The depressingly inaccurate standard story of trade these days is that we got cheap toys and gadgets from China and in return, we destroyed millions of American jobs, particularly in manufacturing. If this increasingly common view of trade were the whole story, I too, would start to question the virtues of free trade. But this standard story misunderstand the value of trade. Yes, it leads to lower prices for consumers. Yes, it destroys jobs in sectors that compete with foreign producers. But it also creates jobs and contrary to a different standard story, not just jobs in export sectors.
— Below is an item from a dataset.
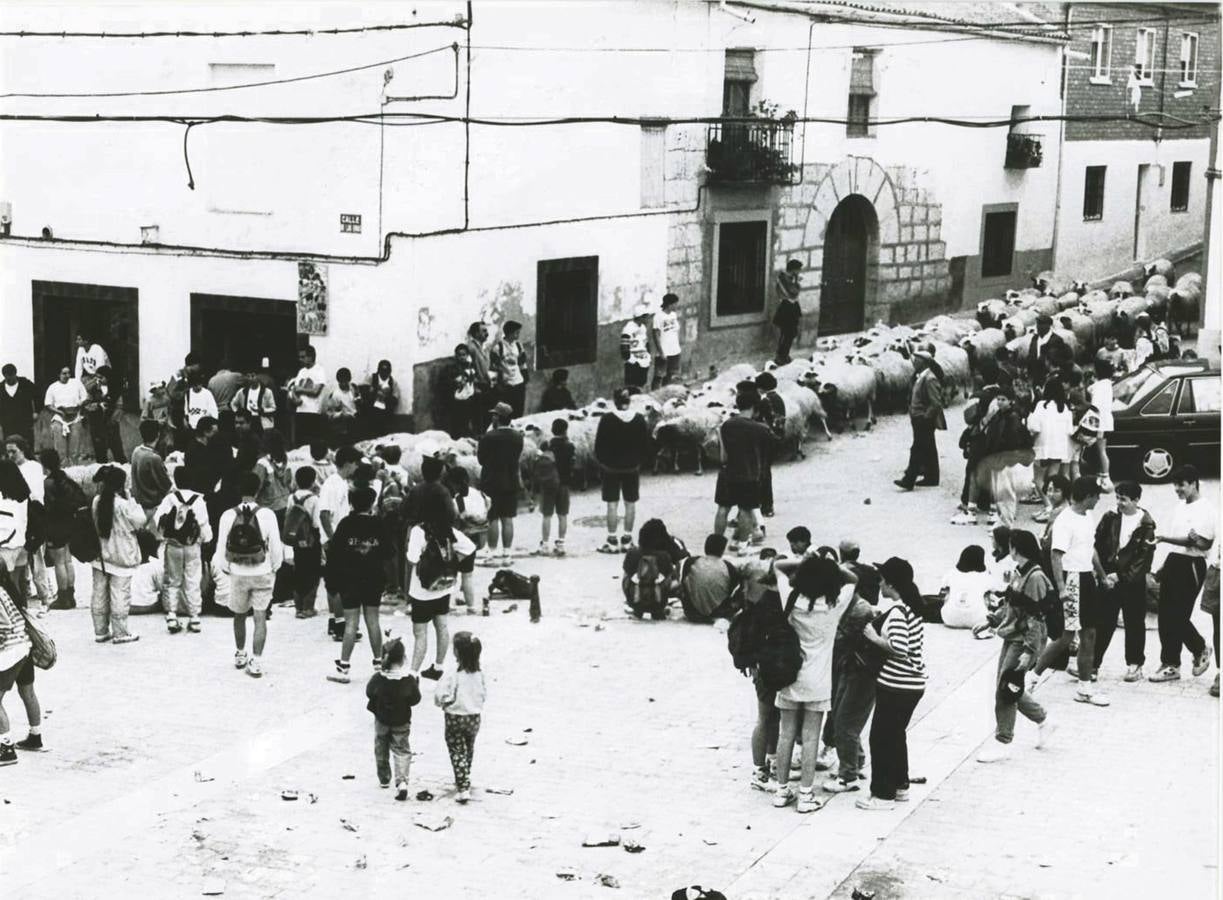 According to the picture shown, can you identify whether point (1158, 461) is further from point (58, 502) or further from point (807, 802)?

Trade and innovation have the same effects: they lead to lower prices, they destroy some jobs, but they create other jobs and though that process, increase the standard of living for many people. Trade and innovation are the engines of growth and prosperity. They, of course, do not increase the standard of living for every single person at every point in time, but over time, they almost certainly do. The children and grandchildren of the farmer or manufacturing worker who is made unemployed by trade or technology live much better and fulfilling lives than they would in a static world without trade and without innovation.
I explore these issues in a lengthy essay over at Medium if you are interested and at even greater length in my book, The Choice. The simplest way to understand the point I am making is that when considering the costs and benefits of economic change, you have to take a dynamic perspective or you will miss the role that trade and innovation play in allowing us to flourish as human beings.
Don gets at one aspect of this process, here. And I thank him, as always, for his kind words about my book, The Choice.